Abstract:Even as public data repositories such as The Cancer Imaging Archive (TCIA) have enabled development of new radiomics and machine learning schemes, a key concern remains the generalizability of these methods to unseen datasets. For MRI datasets, model performance could be impacted by (a) site- or scanner-specific variations in image resolution, field-of-view, or image contrast, or (b) presence of imaging artifacts such as noise, motion, inhomogeneity, ringing, or aliasing; which can adversely affect relative image quality between data cohorts. This indicates a need for a quantitative tool to quickly determine relative differences in MRI volumes both within and between large data cohorts. We present MRQy, a new open-source quality control tool to (a) interrogate MRI cohorts for site- or equipment-based differences, and (b) quantify the impact of MRI artifacts on relative image quality; to help determine how to correct for these variations prior to model development. MRQy extracts a series of quality measures (e.g. noise ratios, variation metrics, entropy and energy criteria) and MR image metadata (e.g. voxel resolution, image dimensions) for subsequent interrogation via a specialized HTML5 based front-end designed for real-time filtering and trend visualization. MRQy is designed to be a standalone, unsupervised tool that can be efficiently run on a standard desktop computer.

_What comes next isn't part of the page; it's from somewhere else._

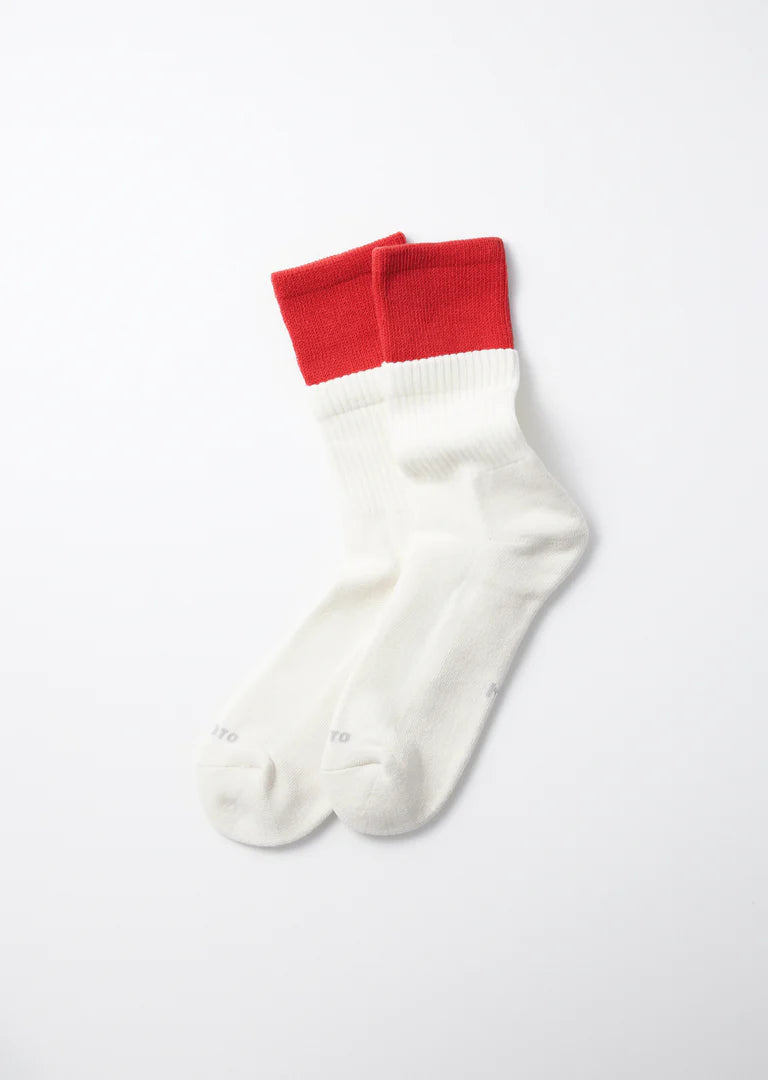 
                  
                    R1421 - Organic Cotton Double Layer Crew Socks - Red/Off White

It has been made freely accessible at http://github.com/ccipd/MRQy for wider community use and feedback. MRQy was used to evaluate (a) n=133 brain MRIs from TCIA (7 sites), and (b) n=104 rectal MRIs (3 local sites). MRQy measures revealed significant site-specific variations in both cohorts, indicating potential batch effects. Marked differences in specific MRQy measures were also able to identify MRI datasets that needed to be corrected for common MR imaging artifacts.